Thursday, 21 August 2025

Nothing To Wine About - A Sherlock Penelope File

Spy mission log:
So Tailmon, Agumon and I were at a wild party at Club Rainbow, and we were so partied out we might've had the time to take a little break. However, we noticed Chippy leaving with Cherry and followed her to see what was going on - and to our shock, we found a drowned tramp!

The next morning, I told my mummy, Sherlock Penelope, everything, and she went to the hospital to find out why the tramp had drowned in the river. I was disturbed by the sight of bloody bandages all over the victim's faces, but still, it wasn't something to worry about, not even the massive hooks holding meat.

While on our way to the harbour we met a homeless girl named Judo, who had an actual baby puppy in her pram alongside a bottle of stale wine. She said she used the stale wine to get wasted even though she was only six years old. Then we met local fisherman Maynard, who lived with his wife and his baby son. I had a good time helping them sort out the fish and cook them for their tea, but Penelope was wondering if Maynard was taking spy agents in for slavery.

Later, we reported all this to S.P.Y 'Quarters, and were assigned to search an abandoned pharmacist for clues since the tramp worked at the pharmacist years before he drowned. It was old, dusty and whitewashed from ceiling to floor, but then Lady Penelope had to grab me and drag me out of here since a huge rain of asbestos fell from the ceiling. Once we reported what we found back to Jeff Tracy, head of S.P.Y 'Quarters, we went home since the working day was over.
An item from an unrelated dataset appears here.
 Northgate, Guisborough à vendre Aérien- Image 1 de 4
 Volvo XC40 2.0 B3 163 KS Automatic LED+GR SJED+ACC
After a long, warm bath and a nourishing dinner, we went to sleep in our soft, cosy bed...however, Sherlock Penelope was having a hallucogenic dream about stale wine and the hallucinations it can give you. And they were pretty terrifying indeed! Sherlock Penelope woke up screaming and sick, and had to vomit for almost 2 hours before Parker could call an ambulance and take her to hospital. It was up to me to solve the case alone.

First I went to meet Mrs Tibble and the Tibble Twins, who were constantly fighting over which toy was theirs', or, who got to pet the baby budgies first. While they went to the old vehicle museum, Mrs Tibble explained to me that things haven't been the same since CBBC got Americanised by the government, who wanted programmes which aren't of the relaxing British source people wanted. This is also the result of too much airtime of Malory Towers on there, and CBBC turned it into a loud American sitcom, which took up too much airtime on the channel, like the cartoons on there, the same way Teen Titans Go took up all the schedule time on Cartoon Network every, single, day. And let me tell you the bad news: CBBC is slowly becoming a Boomerang/Pop ripoff, and they might even get the voiceover from Boomerang and Pop to do continuity announcements - in an American accent! NOOOOOOOOOOOOOOOOO!! I was so shocked that I ran out of the house crying.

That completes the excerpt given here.